# General Mandolin Topics > eBay, Craig's List, etc. >  Old F4 Mandolin Neck- Bonus Cheap Body

## NickR

The seller states it is an F4 neck. Somebody may want this:

https://www.ebay.com/itm/gibson-mand...MAAOSwq9FezG99

----------


## Bob A

New frets and board and inlays, and the back button area looks to have been re-shaped from a pointed Gothic arch to the F5 curved style. 

Sorta painful to look at, on the whole.

----------


## MikeEdgerton

Reserve not met at $199.00 plus $49.00 shipping. They'd have to want it really bad.

----------


## jim simpson

It seems strange to me that someone decided to graft an F-4 neck onto a modern economy priced F-4 style body.

----------

Northwest Steve

----------


## Dave Hanson

Never seen position markers like these ? My 1915 F4 has plain dots.

Dave H

----------

Timbofood

----------


## Jeff Mando

Great way to dress up an import!   :Grin: 

I'm guessing things didn't line up well or they would have strings on it?  Too bad the original tuners are gone....

a little bit of a stretch to call it a "Gibson mandolin" as the title suggests, IMHO.

----------


## Jeff Mando

Currently at $500 with less than 24 hours to go........NFI.

----------


## jimmy powells

Hi Dave It's just the neck that is Gibson. The fretbard is Gretsch so they hven't bothered to change to dots.

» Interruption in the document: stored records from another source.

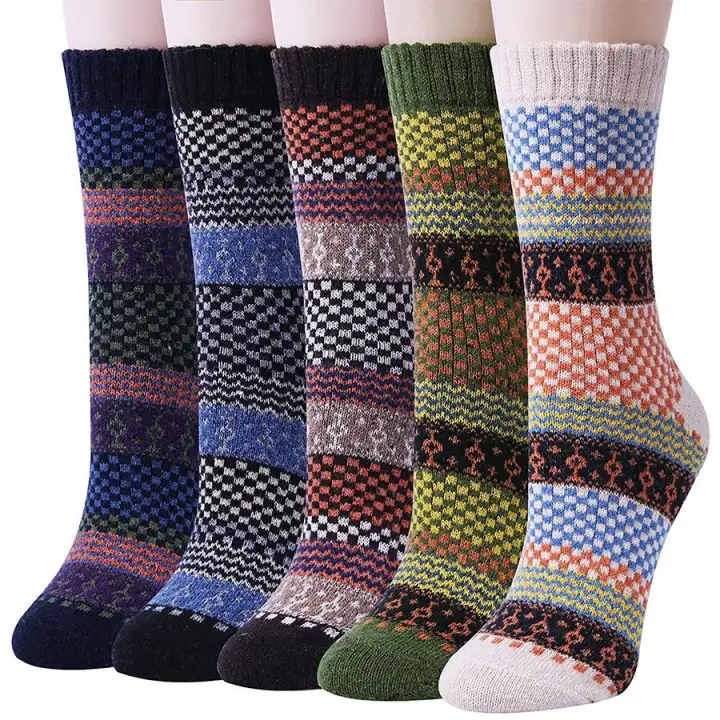 womens knit socks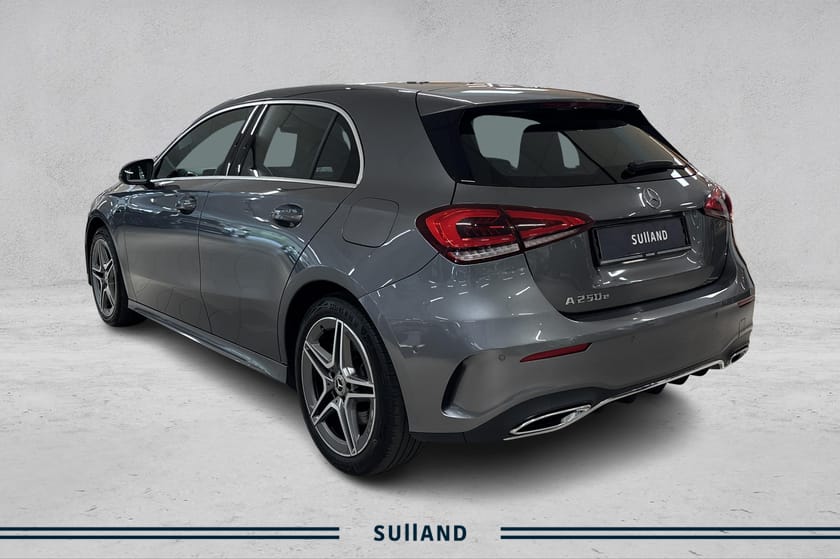 Bilde 3 av Mercedes-Benz A 250 e 250e | AMG | Velholdt | Komplett service | 71km WLTP
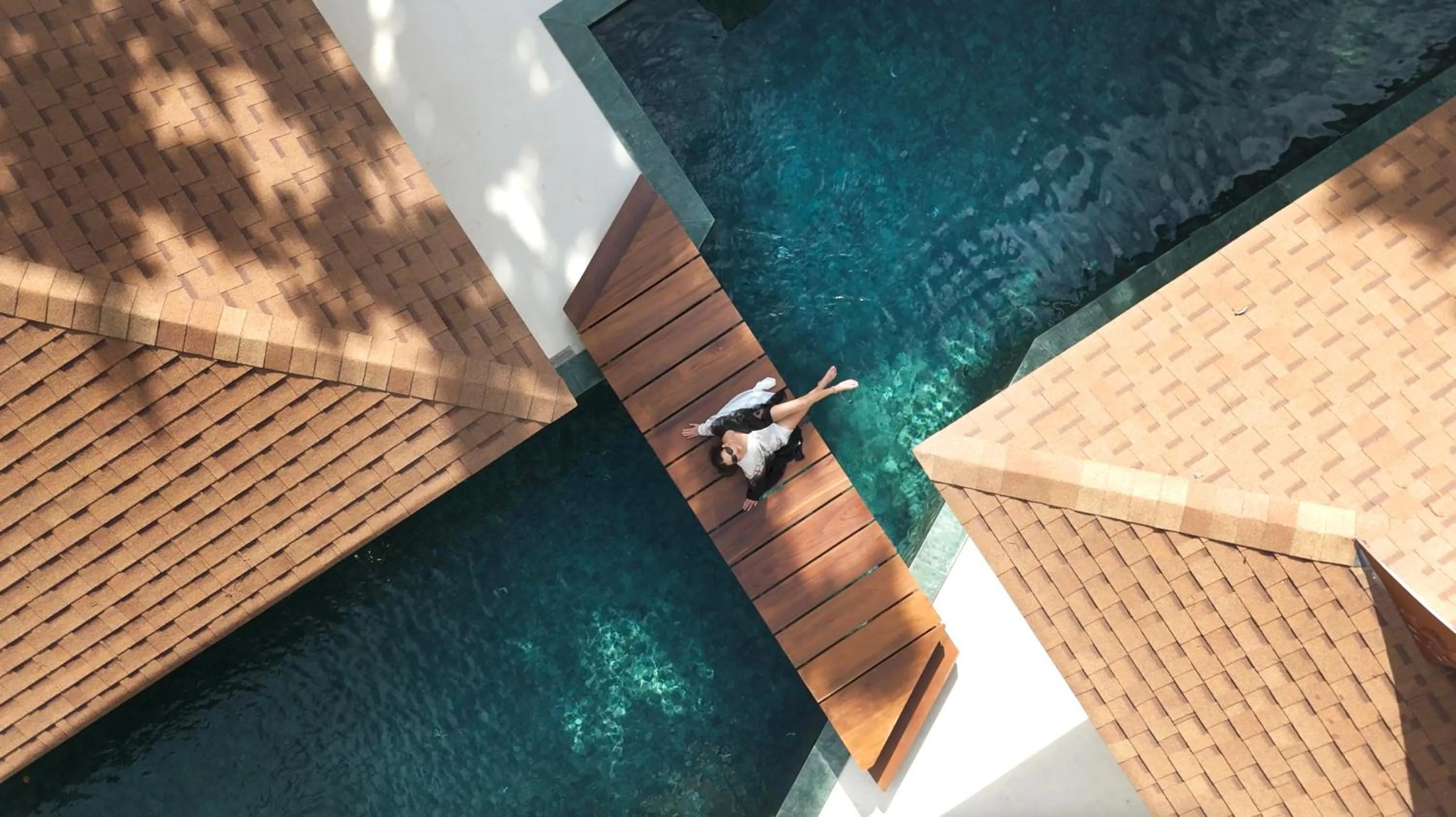 Swimming pool in Villa Macaque and Villa Languor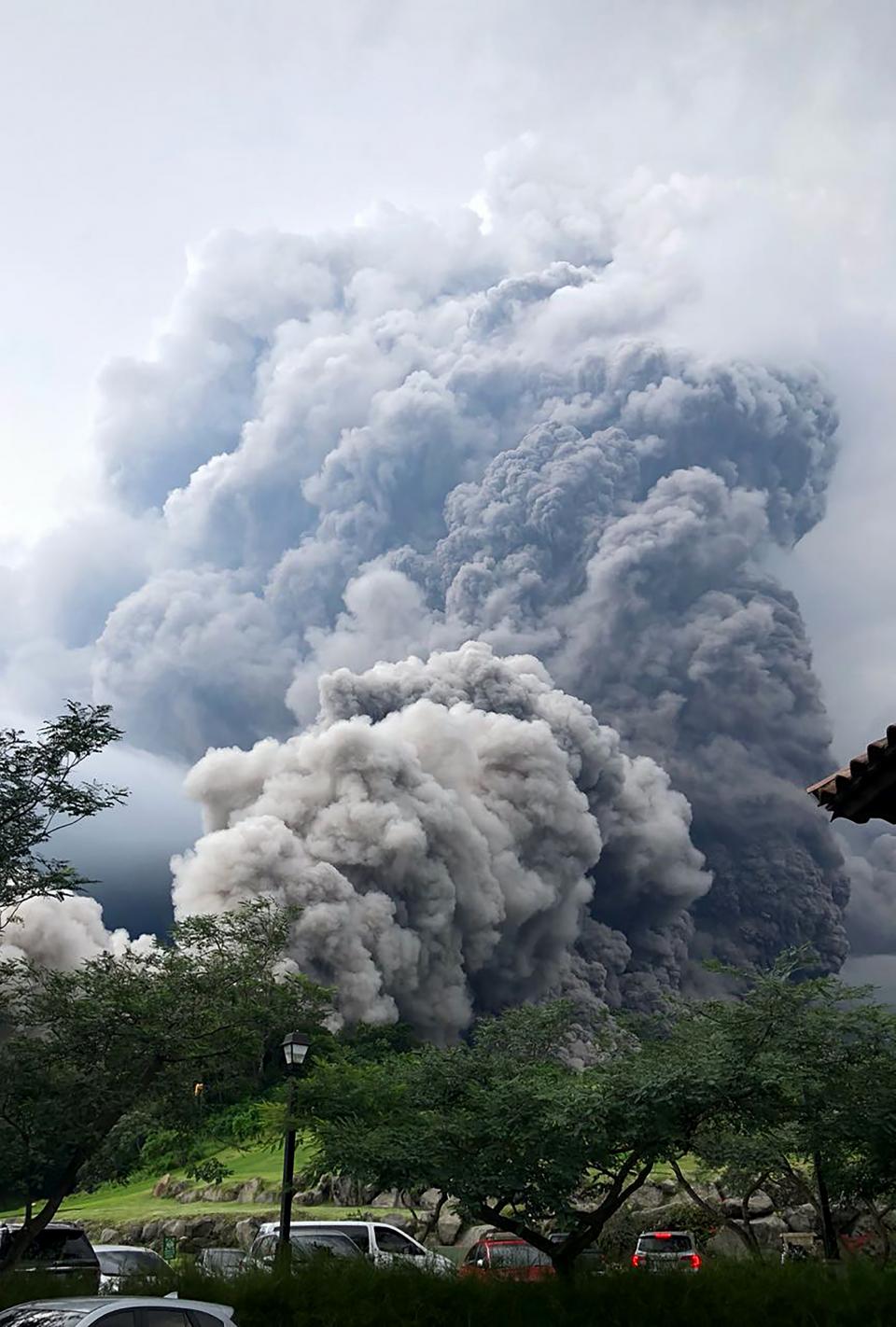 GUATEMALA-VOLCANO-FUEGO-ASH-AIRPORT Erupción de volcán de Fuego causa al menos seis muertos y 20 heridos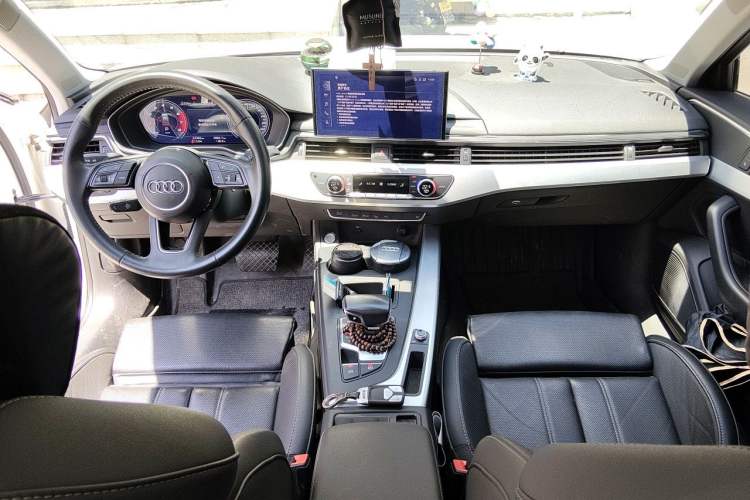 Used Audi A4L 2020 40 TFSI Luxury Dynamic Model Interior 2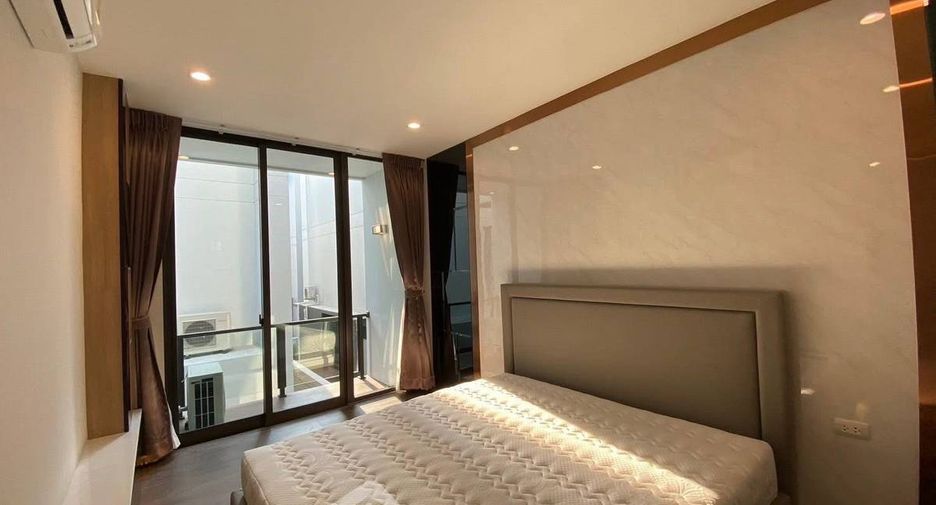 For sale 4 bedrooms house in Lat Phrao, Bangkok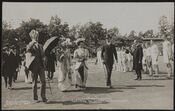 Kong Haakon og dronning Maud til stede ved oppvisning av deltakerne til Sommer-OL 1908 i London. Foto: Nasjonalbiblioteket (1908).
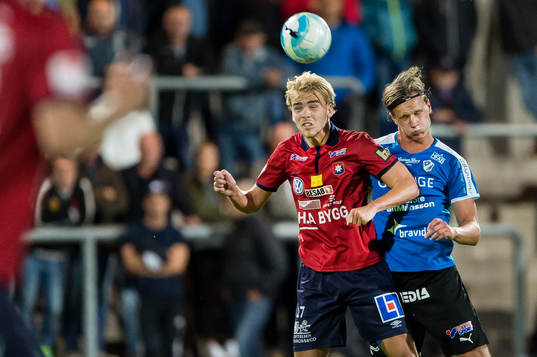 Örgrytes Anton Henriksson  och Halmstads Marcus Johansson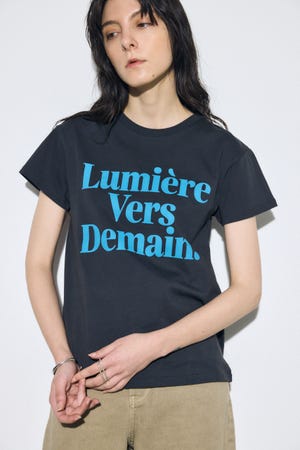 【SS先行アイテム】メッセージロゴ半袖Tシャツ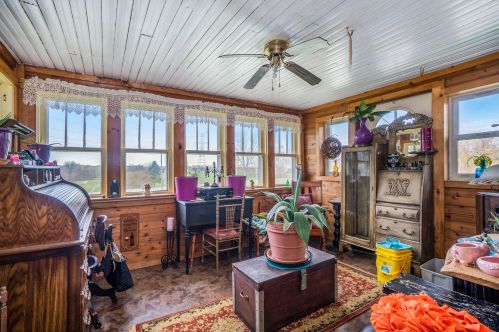 6338 124th Ave, Fennville MI 49408-9628 exterior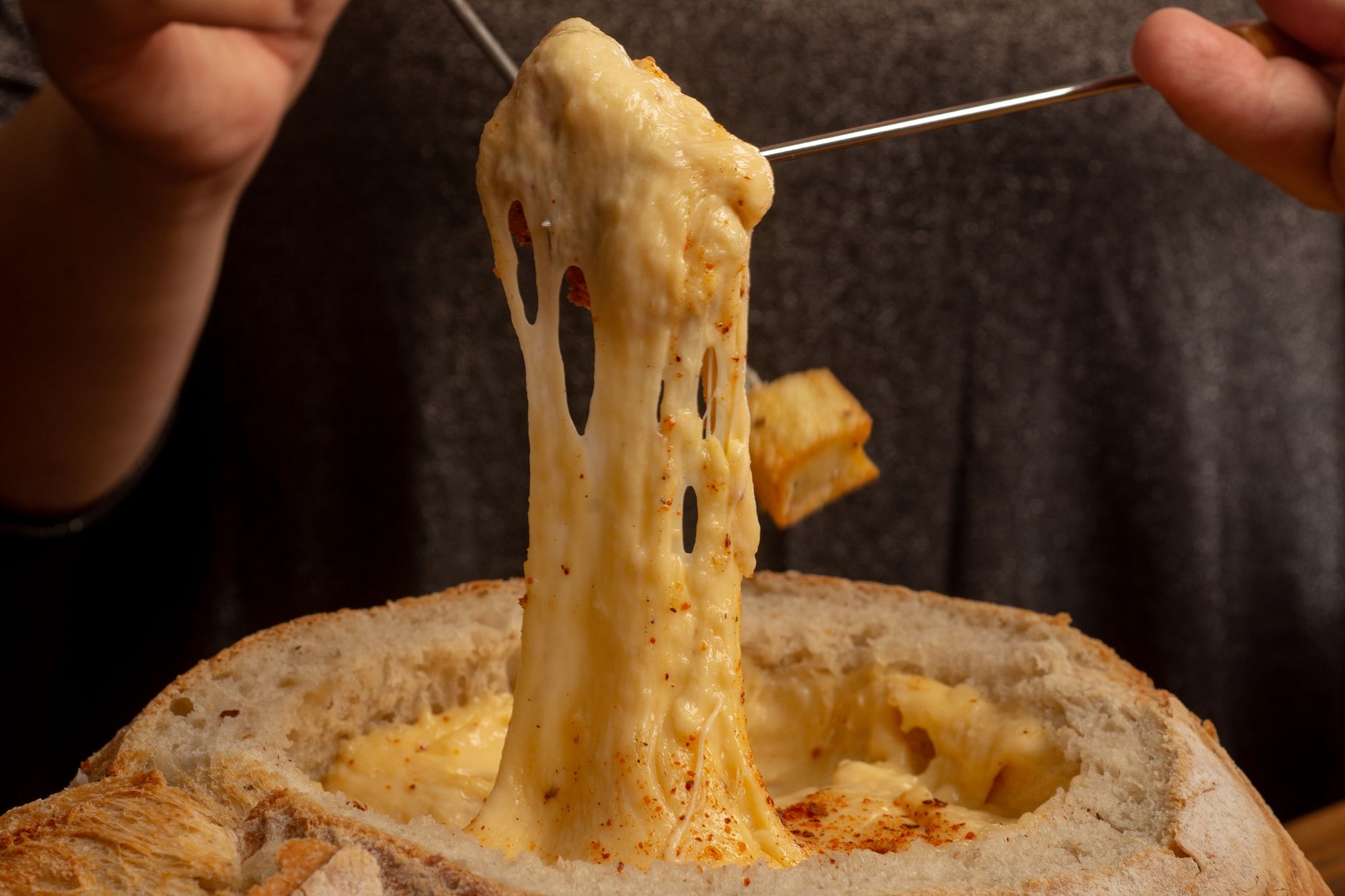 Fondue moitié-moitié, filage de fromage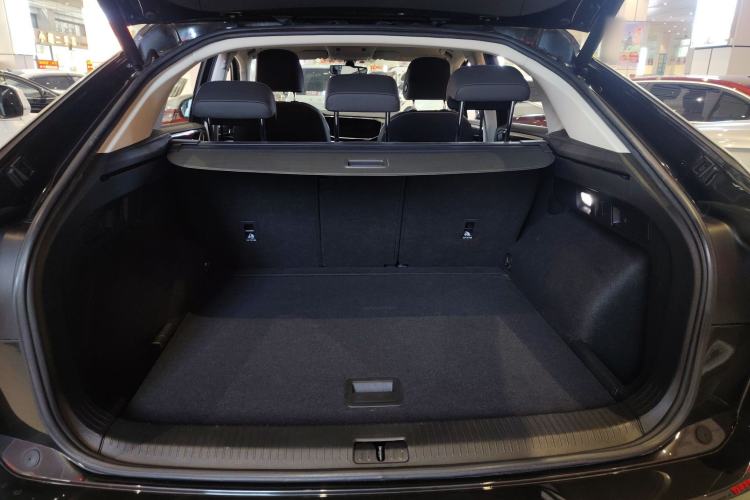 Used Volkswagen Tayron X 2020 330TSI Two-Wheel Drive Luxury Smart Connectivity Version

I had a 1915 Gibson F4 that I sold to Tamco couple of years ago.

regards

Jimmy
UK

----------


## Dave Hanson

Hi Jimmy, I bought an F4 from TAMCO last year, just wondering.

Dave H

----------


## jimmy powells

Hi Dave. If it is the 1915 one with Handel tuner buttons then fairly certain that will be the one I had. Bit of a co-incidence between you and I possibly because I went down there three days after he got in the Gibson F5-L in great condition. I decided not to go for it probably because of the fingerbard extension which I didn't want to trim off or scoop but it was a lovely mandolin and I think you ended up buying it.

I'm after a Gibson oval hole at the moment but thin on the ground in UK. I am aware of an A4 which may be for sale. 

Regards

Jimmy

----------


## Dave Hanson

Thats the one Jimmy, I love it,  incidently both great mandolins.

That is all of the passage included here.